The Act has five chapters to it, each having provisions to what the process was to gain citizenship and to not lose it.

Chapter one of the act outlines the definition of terms used in the Act.

Chapters two and three are the largest parts of the Act and they deal with identifying eligibility for citizenship and specific residency requirements for people born abroad to one U.S. citizen parent, or non-citizens born in the U.S. or its territories.

The third chapter of the act goes into detail about nationality through naturalization, giving a further clarification of requirements for non-citizens seeking naturalization. It goes into detail with specifications concerning race, ethnicity, and basic verbal English proficiency along with residency requirements outlined.

The fourth chapter is about loss of nationality. Exceptions to residency requirements and removal of citizenship are made for those away in the employment of and under orders from the U.S. government or for other specific reasons, and loss of nationality by actions of children under the age of eighteen is prevented except when such a person is convicted of treason or fighting against or trying to overthrow the United States. Apart from such exceptions in the fourth part of the act there are many possible ways to lose citizenship by those who had gained it, many of which refer to the idea of not showing consistency with being a citizen either by leaving the country for periods of time or by taking up government positions in foreign states. This chapter of the Act also dictates that its provisions shall not override any existing treaty or convention to which the United States was a party.

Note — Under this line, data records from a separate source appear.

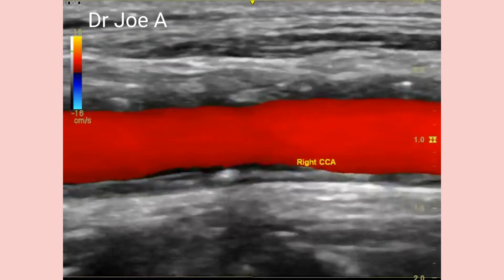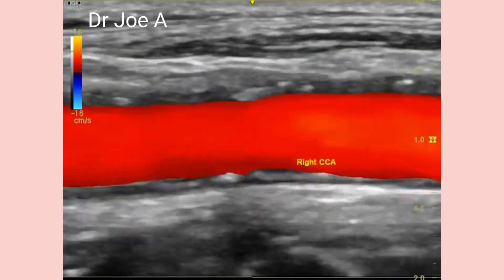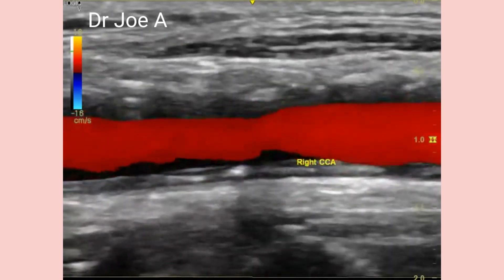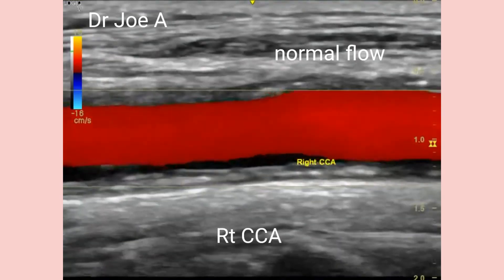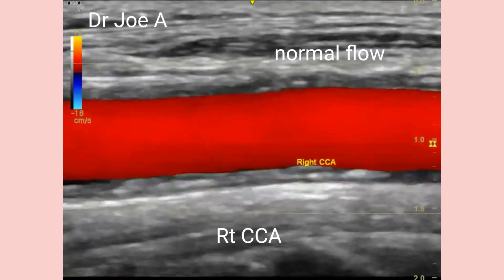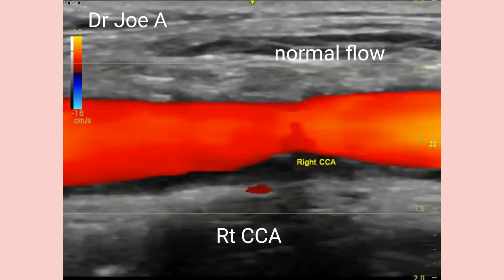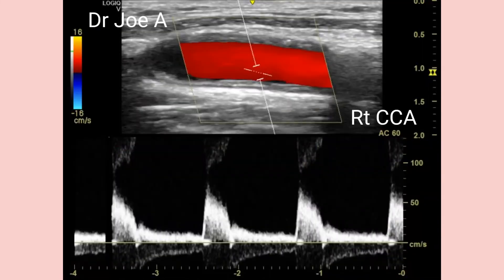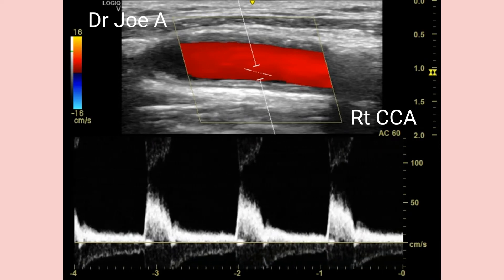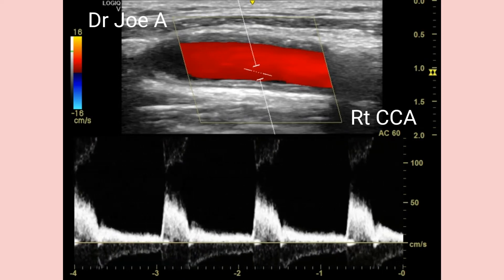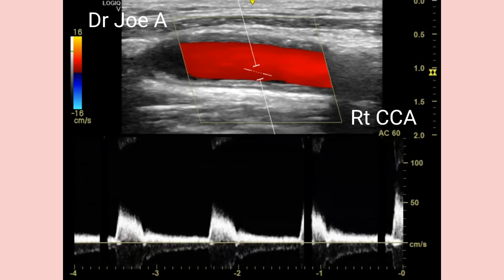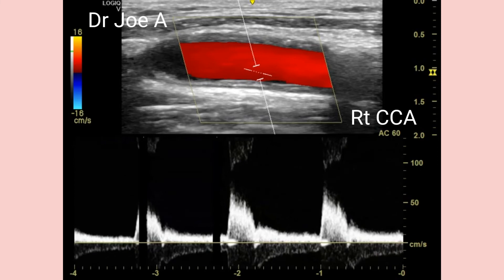Normal flow is seen in the right common carotid artery on color Doppler imaging. Spectral Doppler is also normal.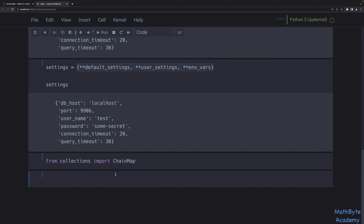The way ChainMap works is that we give it a variable number of dictionaries as arguments. When we look up a key, it looks for the key in the first map. If it doesn't find it, it moves on to D2; if it finds it there, it returns that value. If it doesn't find it there either, it moves on to D3. You'll get a key error if the key doesn't exist in any of them.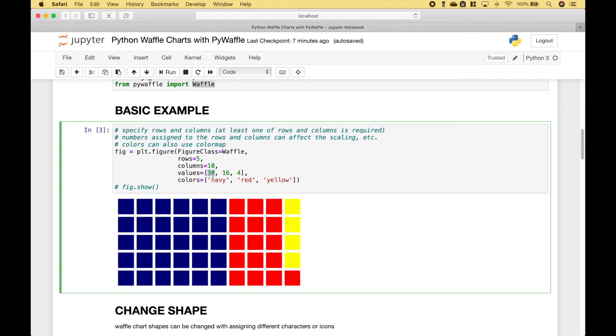So 30 is represented by the navy, and 16 is represented by the red, and 4 is represented by the yellow.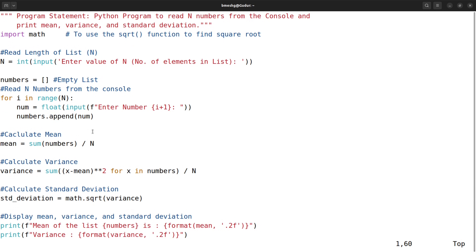This is a very simple program to find the mean, variance, and standard deviation. I hope this is clear to all of you dear students. Thank you for watching.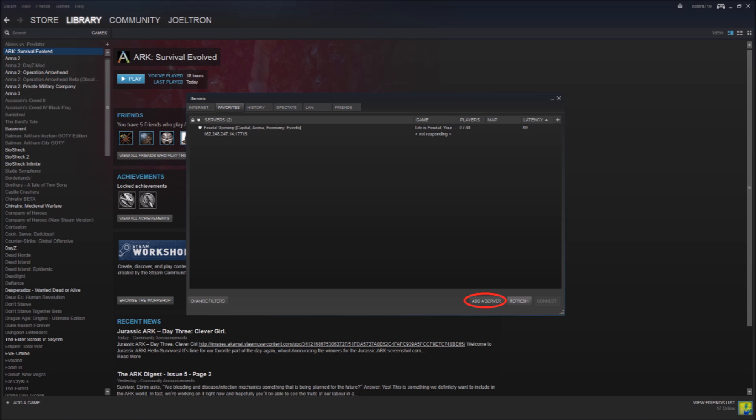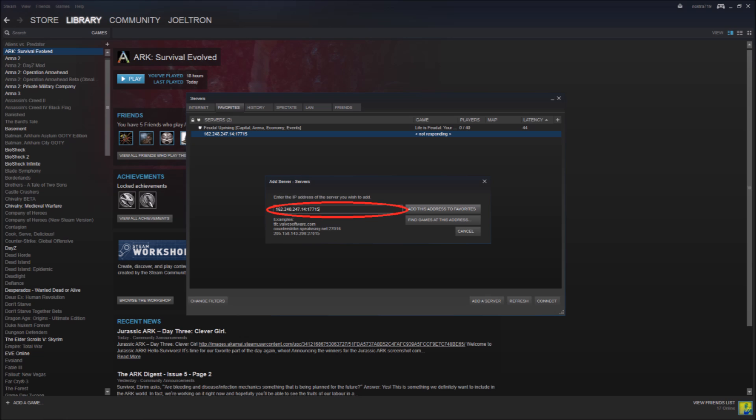You're going to click that button and it will bring you this menu and then input the IP in that box there that's available and then you're going to click on add this server to favorites.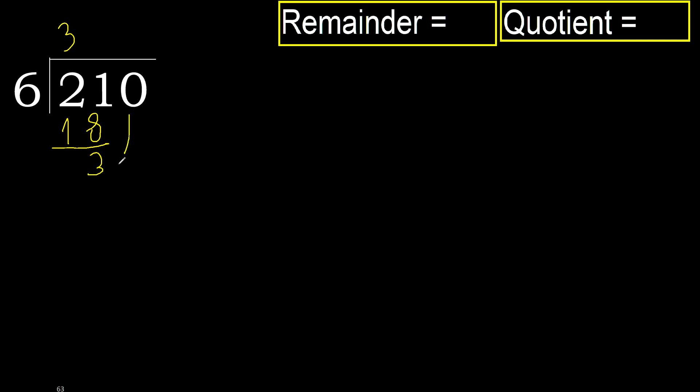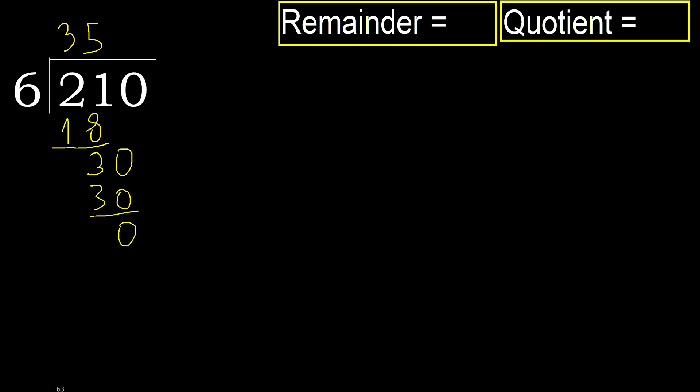Next, 30. 6 multiplied by 6 is greater. 6 multiplied by 5 is 30. It is not greater. Subtract 0, 0.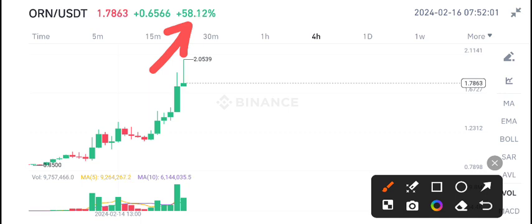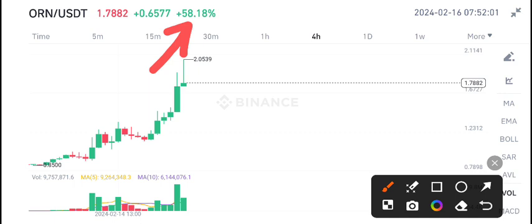Right now, if you talk about ORN coin, the latest price changes in the last 24 hours is 58.43% change in the last 24 hours. It's really a massive change in ORN coin in the last 24 hours.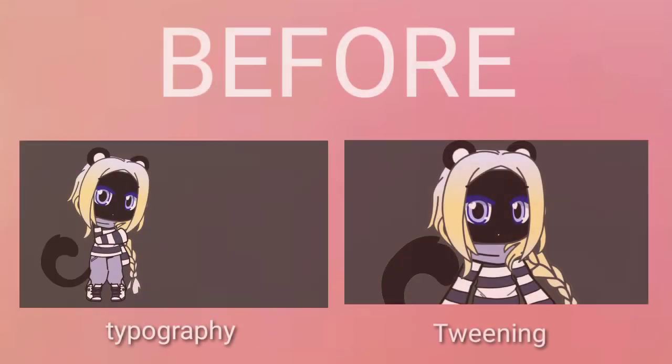Okay guys, how many times have you tried to improve your content but in typography you're not good and in tweening you always have a result like that?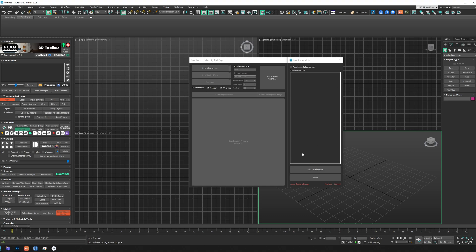Hey guys, welcome to my channel. Today I have a free tool for you called Splash Screen Maker. This tool is a way of managing the splash screen of 3ds Max — you know, the loading image that you get when you launch 3ds Max. You can actually change this image to whatever you want, and my tool does this for you automatically, really quickly. You can also create a shortcut with a specific icon and even more.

The fifth and final chapter of the document deals with the miscellaneous, including the procedure for determination and notification of loss of nationality and a list of previous Acts and parts thereof to be repealed and superseded.

The 4th and 5th chapters were indirect tie-ins with the Alien Registration Act of 1940, also known as the Smith Act. The Smith Act, enacted June 29, 1940, set criminal penalties for advocating the overthrow of the U.S. government along with requiring all non-citizen adult residents to register with the government. The Nationality Act of 1940 would take it a step further and make it so that anyone suspected of advocating the overthrow of the U.S. government who had recently gained citizenship would lose that citizenship and face criminal penalties.

==Related laws==
The law amended some provisions of the Immigration Act of 1924. The Nationality Act of 1940 was repealed and superseded by the Immigration and Nationality Act of 1952.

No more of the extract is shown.